Thursday, December 23, 2004

Saint Rudy

Going down...

Late Tuesday, a federal magistrate released testimony by Bernard B. Kerik and a former girlfriend in an employment discrimination case, one of the legal tangles from his years as a senior aide to Mayor Rudolph W. Giuliani that surfaced while his nomination as secretary of homeland security was collapsing.

For the Bloomberg administration, the case was just one more front in the municipal litigation that grinds along, regardless of national politics: dealing with the damages people claim to have suffered at the hands of Mr. Giuliani or his senior aides.

In the three years since Michael R. Bloomberg succeeded Mr. Giuliani, the city has spent close to $2 million to settle lawsuits brought by residents and city workers who accused the Giuliani administration of retaliating against them for exercising free speech or other constitutional rights.

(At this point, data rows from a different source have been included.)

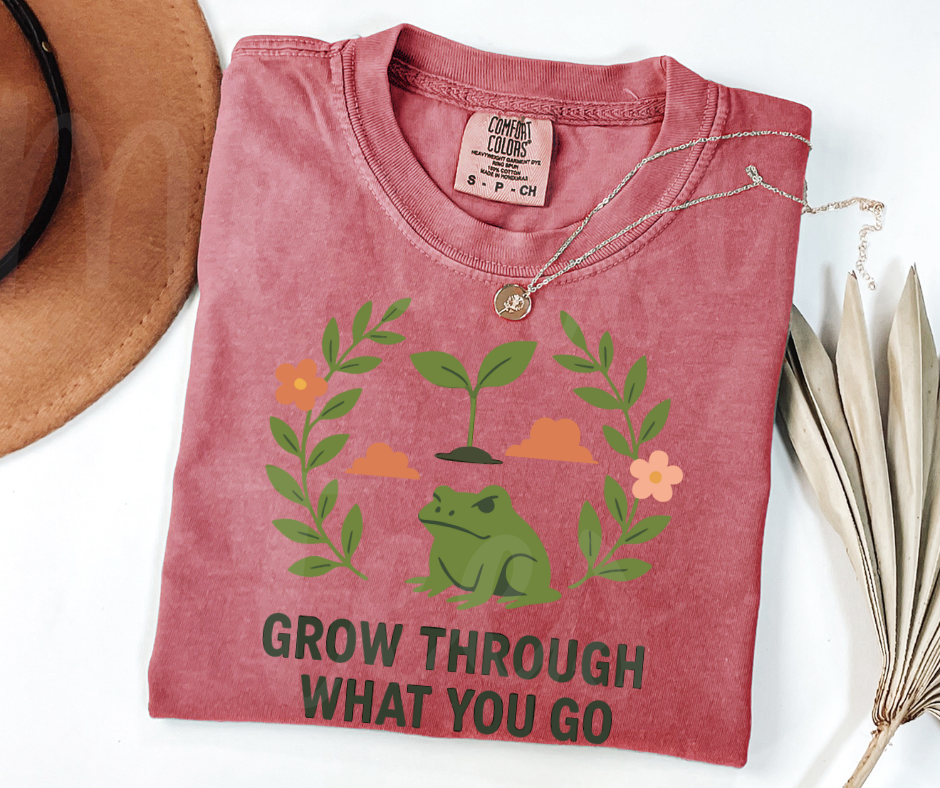 "Grow" Funny Plant Lover Tee Design Unisex heavyweight t-shirt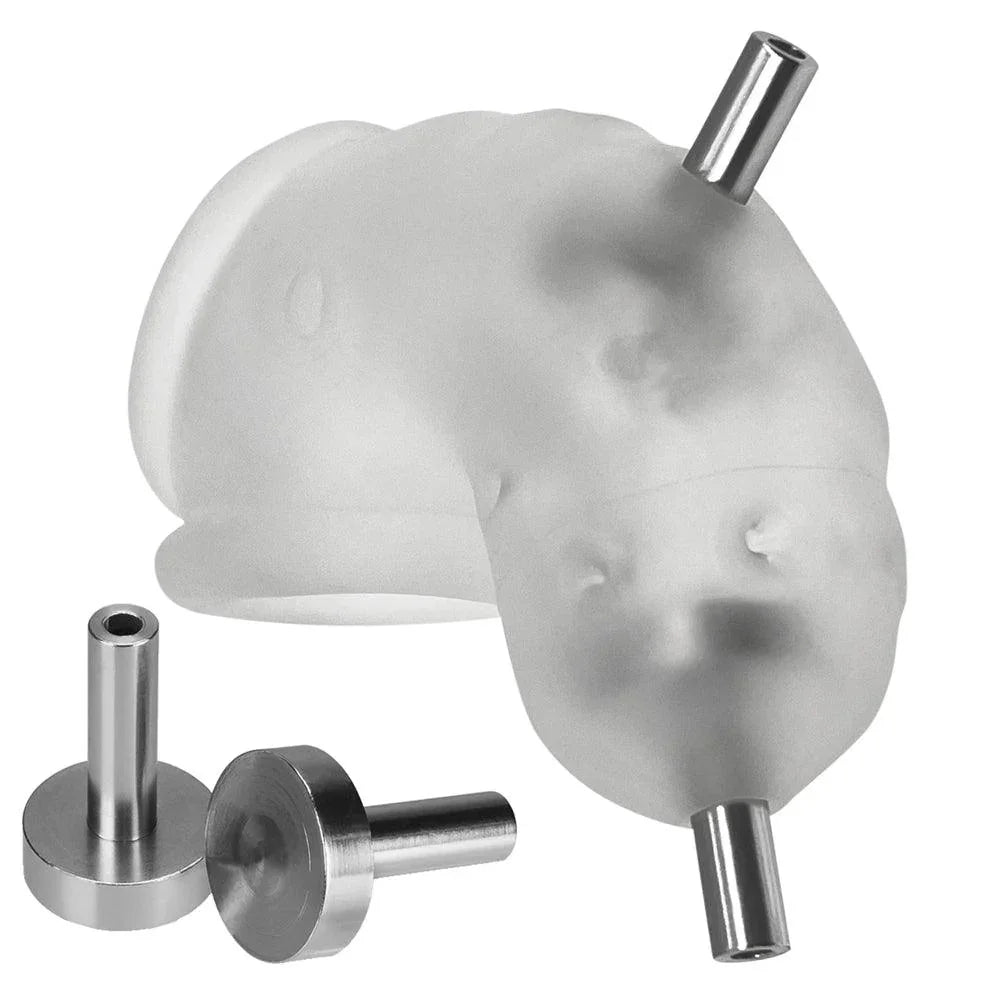 Oxballs AIRLOCK ELECTRO Air-Lite Vented Chastity - Buy At Luxury Toy X - Free 3-Day Shipping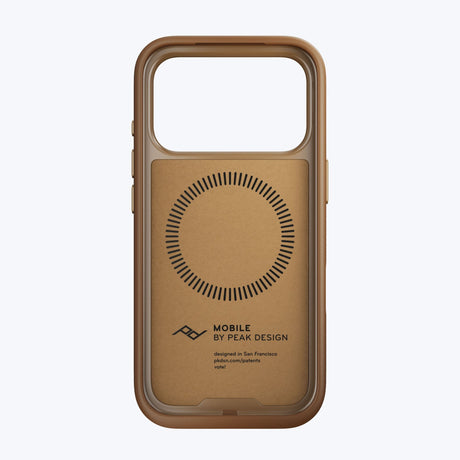 Peak Design Everyday Clarino Loop Case Hülle für iPhone 17 Pro - Tan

Among them is a limousine driver, James Schillaci, who had complained in a newspaper article about a red-light sting set up by the police in the Bronx. The same day, police came to his home to arrest him for a 13-year-old unpaid ticket. The next day, the mayor obtained - illegally, Mr. Schillaci said - the record of his arrests from decades earlier and discussed it, inaccurately, at a news conference. The city settled with him for $290,000 in 2002.

A correction worker charged that he was bypassed for promotion because he supported a political opponent of Mr. Giuliani's and that city investigators videotaped the guests arriving at his home for a political fund-raiser. The city paid him $325,000 this year.